ASSIGNED TASK = Using the material below, return exactly the lines between the one holding "Indian Linen Beads" and the one holding "Odzież Twinset t-shirt", inclusive, and no others.

DATA PROVIDED =

-------

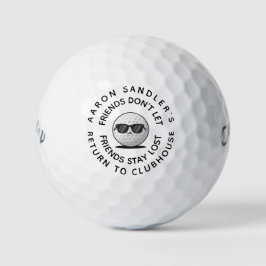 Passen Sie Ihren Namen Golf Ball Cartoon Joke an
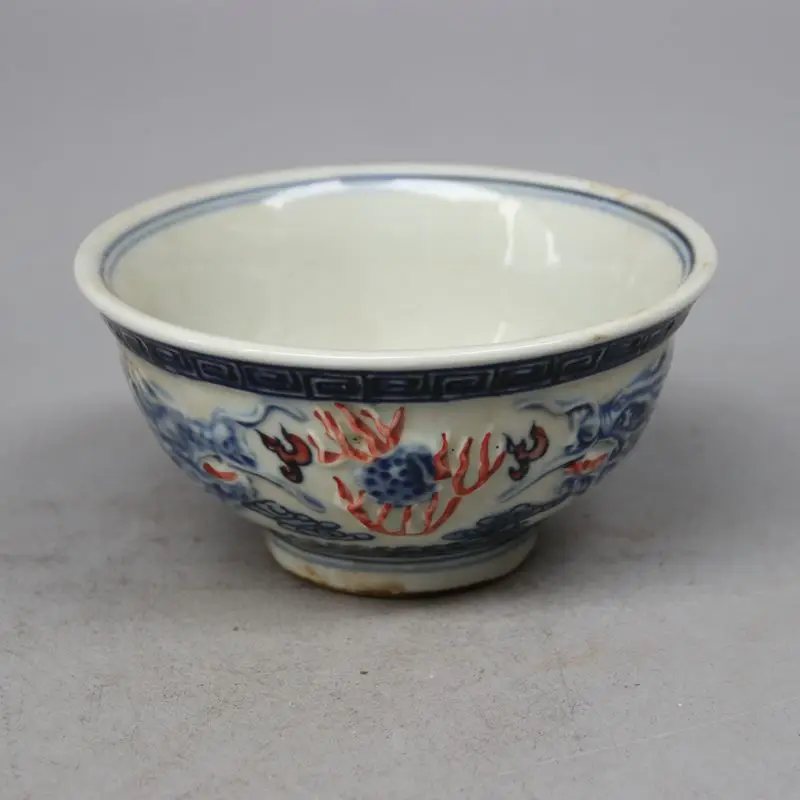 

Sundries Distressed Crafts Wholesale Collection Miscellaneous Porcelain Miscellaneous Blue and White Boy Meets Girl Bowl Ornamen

-------

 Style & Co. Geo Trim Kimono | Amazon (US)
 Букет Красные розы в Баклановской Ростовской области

-------

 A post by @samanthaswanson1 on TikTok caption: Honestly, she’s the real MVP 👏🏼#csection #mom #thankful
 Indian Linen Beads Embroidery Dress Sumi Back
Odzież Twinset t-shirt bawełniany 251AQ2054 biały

-------

OUTPUT =
 Indian Linen Beads Embroidery Dress Sumi Back
Odzież Twinset t-shirt bawełniany 251AQ2054 biały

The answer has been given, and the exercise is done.